▶ [Exercise requirements]
For this exercise, restate word for word only the lines from the one containing "1930s French Oak" through the last line below. Pictures do not get copied.

** The data follows **

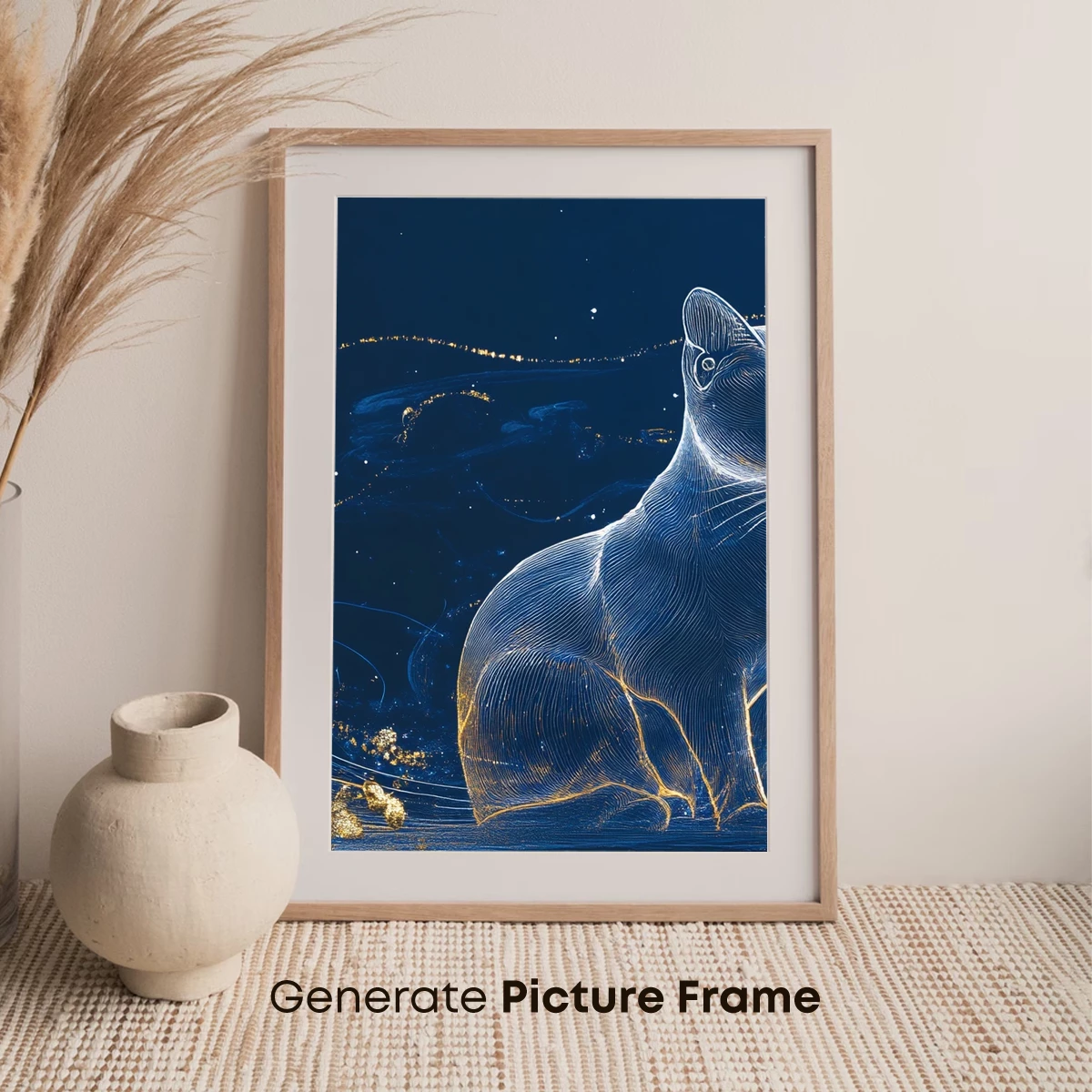 Ethereal Feline in Midnight Bloom - Image 7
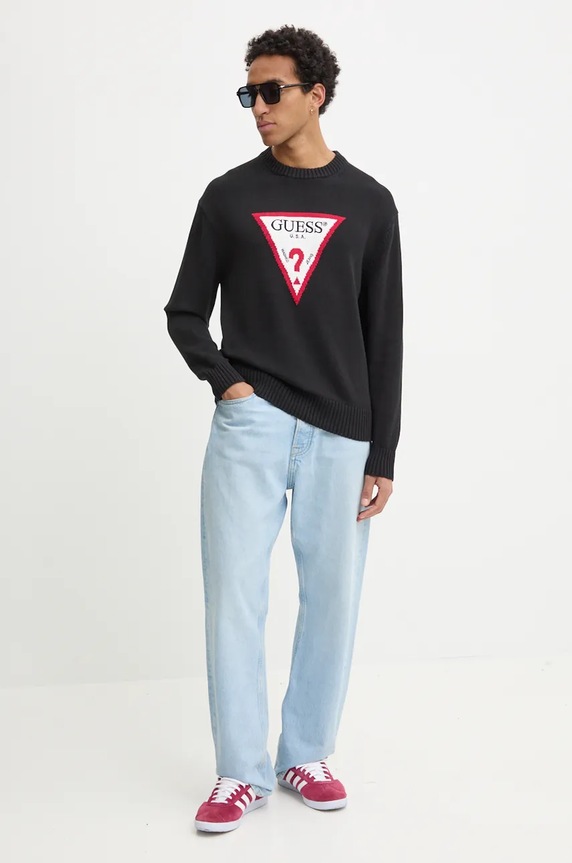 Βαμβακερό πουλόβερ Guess Jeans M4BR32.Z3HM1 μαύρο AW25
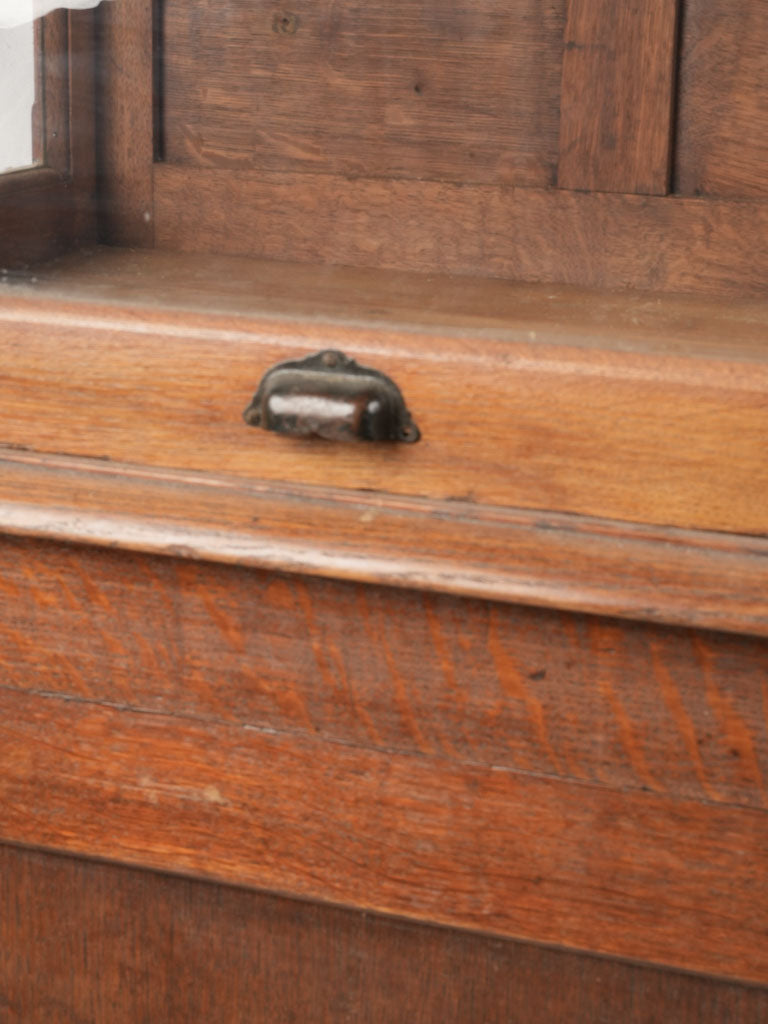 1930s French Oak Aperitif Table w/ Glazed Vitrine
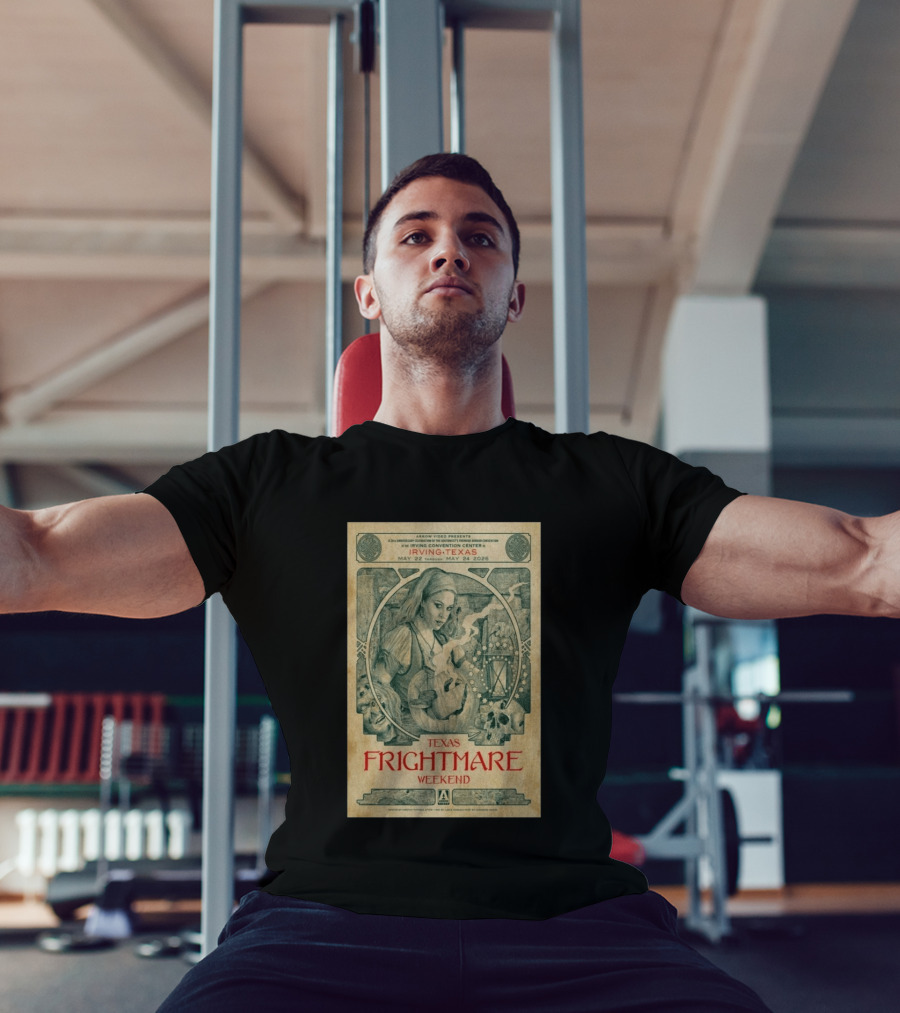 2026 Texas Frightmare Weekend Tour Irving Texas May 22 24 Arrow Video Horror Convention T-Shirt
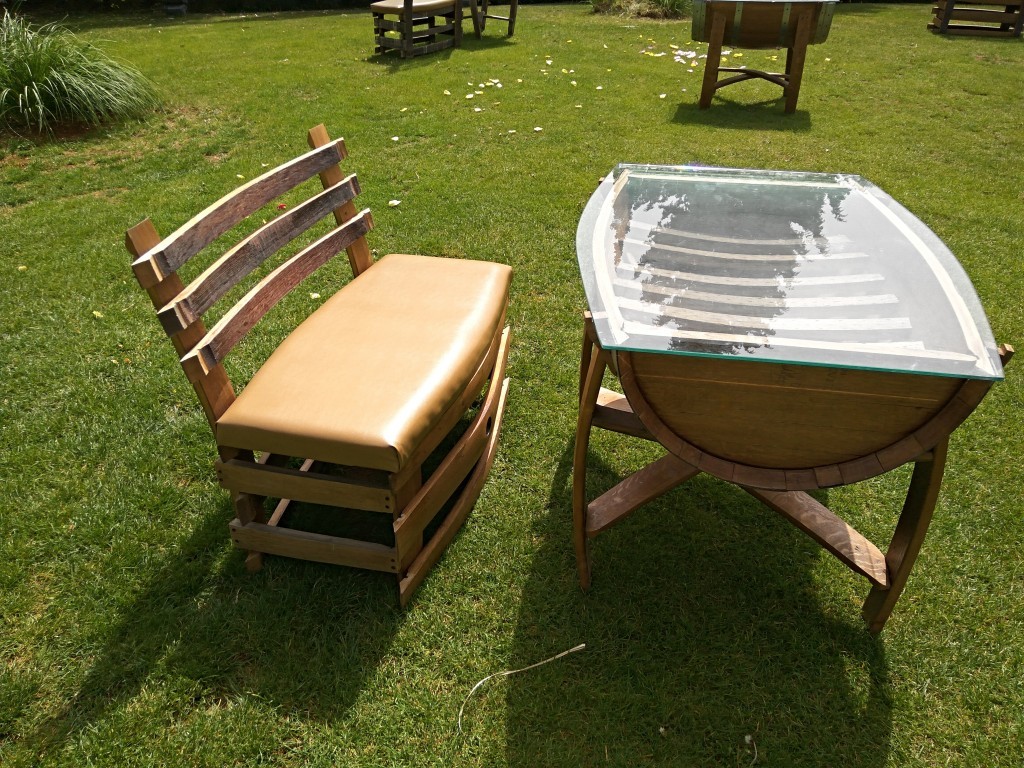 Château Kefraya - furniture made from wine barrels.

** End of The data **

▶ [Written answer]
 1930s French Oak Aperitif Table w/ Glazed Vitrine
 2026 Texas Frightmare Weekend Tour Irving Texas May 22 24 Arrow Video Horror Convention T-Shirt
 Château Kefraya - furniture made from wine barrels.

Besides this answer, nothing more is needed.